— What the task requires —
The output should match, line for line, the records from the line containing "Boss Logolu Regular" through the line containing "Натуральный драгоценный камень", with every picture left out.

— Extracted data —
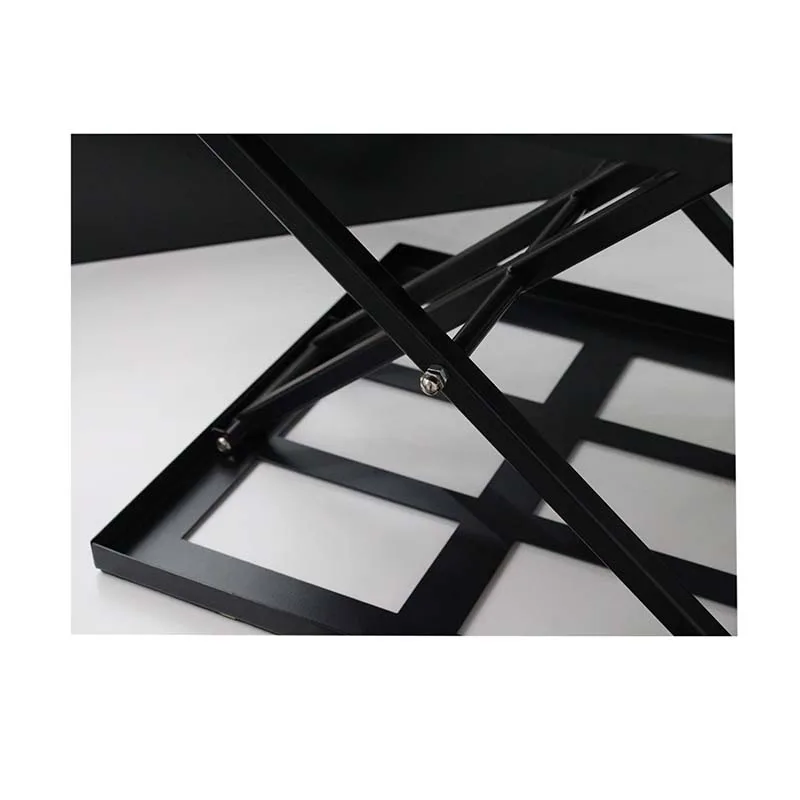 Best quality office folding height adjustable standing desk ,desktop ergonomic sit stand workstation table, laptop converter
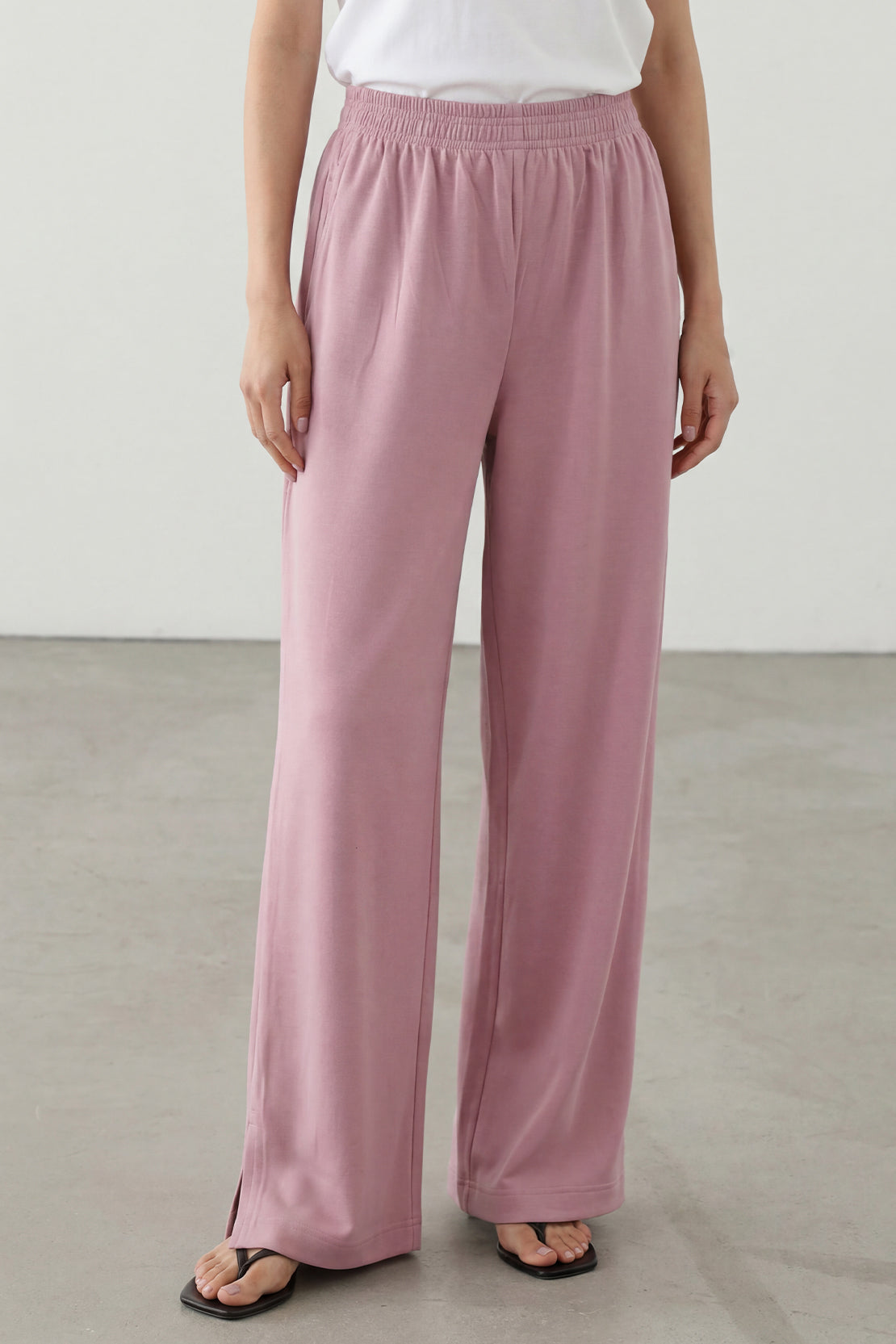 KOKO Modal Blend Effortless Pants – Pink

---

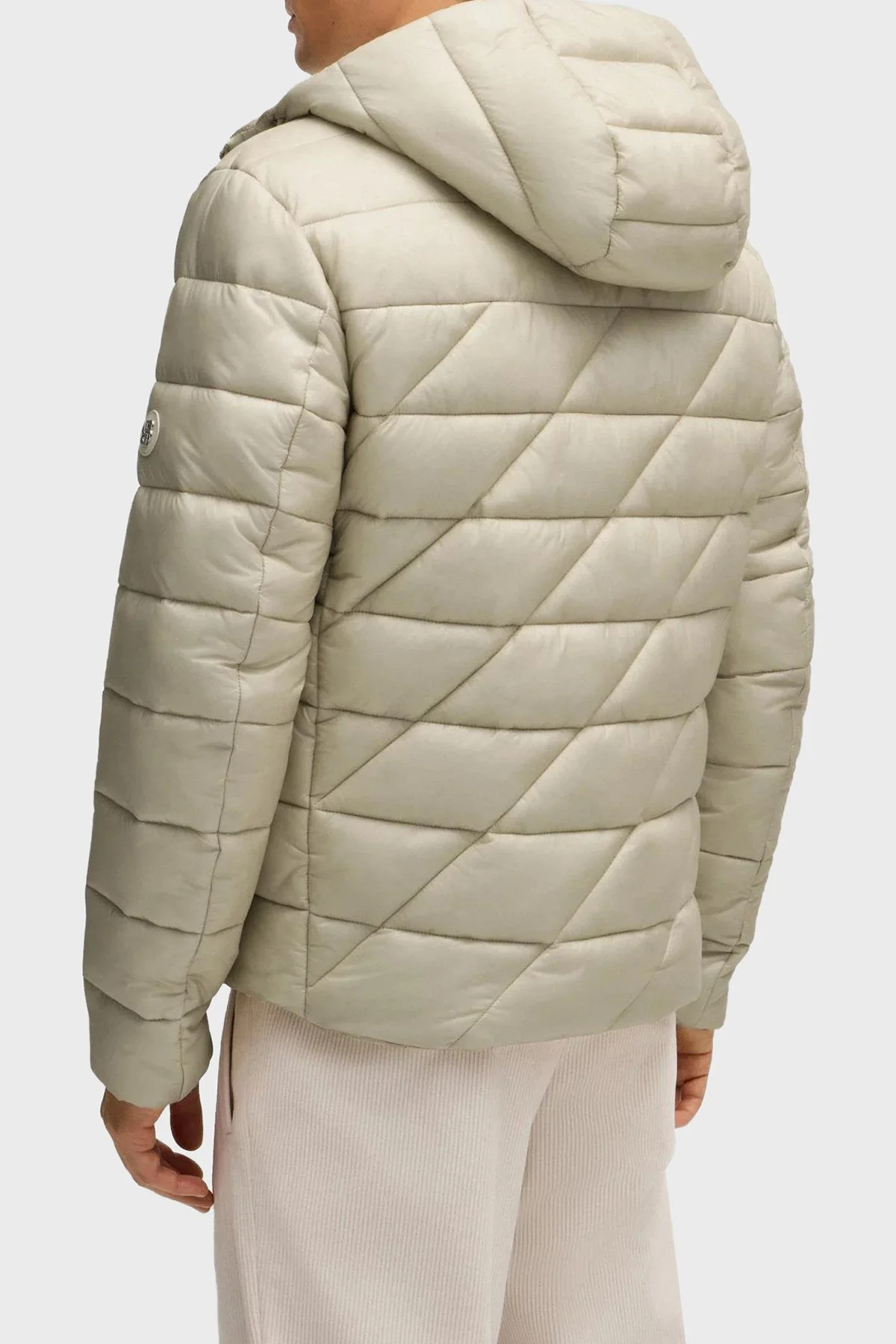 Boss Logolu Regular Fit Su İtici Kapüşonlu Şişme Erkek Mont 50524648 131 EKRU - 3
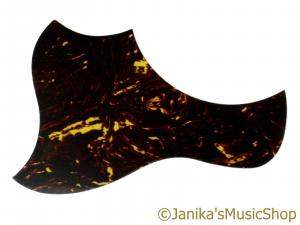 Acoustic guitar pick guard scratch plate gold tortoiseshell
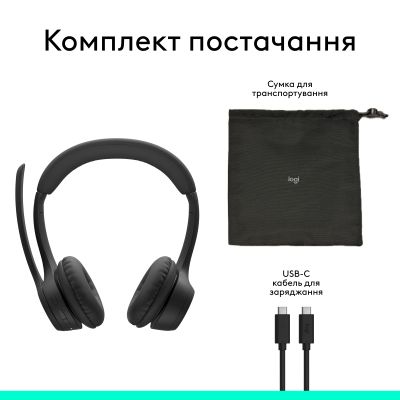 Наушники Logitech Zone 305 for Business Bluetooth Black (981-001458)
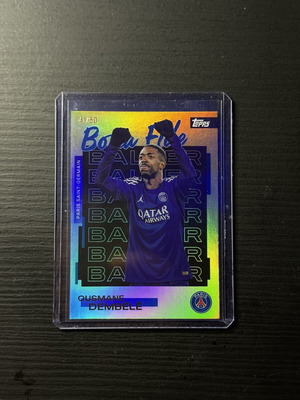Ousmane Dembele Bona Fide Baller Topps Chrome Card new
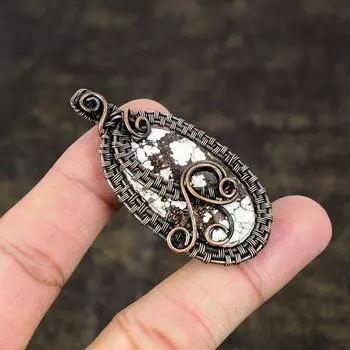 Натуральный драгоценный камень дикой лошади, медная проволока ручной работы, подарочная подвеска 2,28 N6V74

— Solution to this problem —
 Boss Logolu Regular Fit Su İtici Kapüşonlu Şişme Erkek Mont 50524648 131 EKRU - 3
 Acoustic guitar pick guard scratch plate gold tortoiseshell
 Наушники Logitech Zone 305 for Business Bluetooth Black (981-001458)
Ousmane Dembele Bona Fide Baller Topps Chrome Card new
 Натуральный драгоценный камень дикой лошади, медная проволока ручной работы, подарочная подвеска 2,28 N6V74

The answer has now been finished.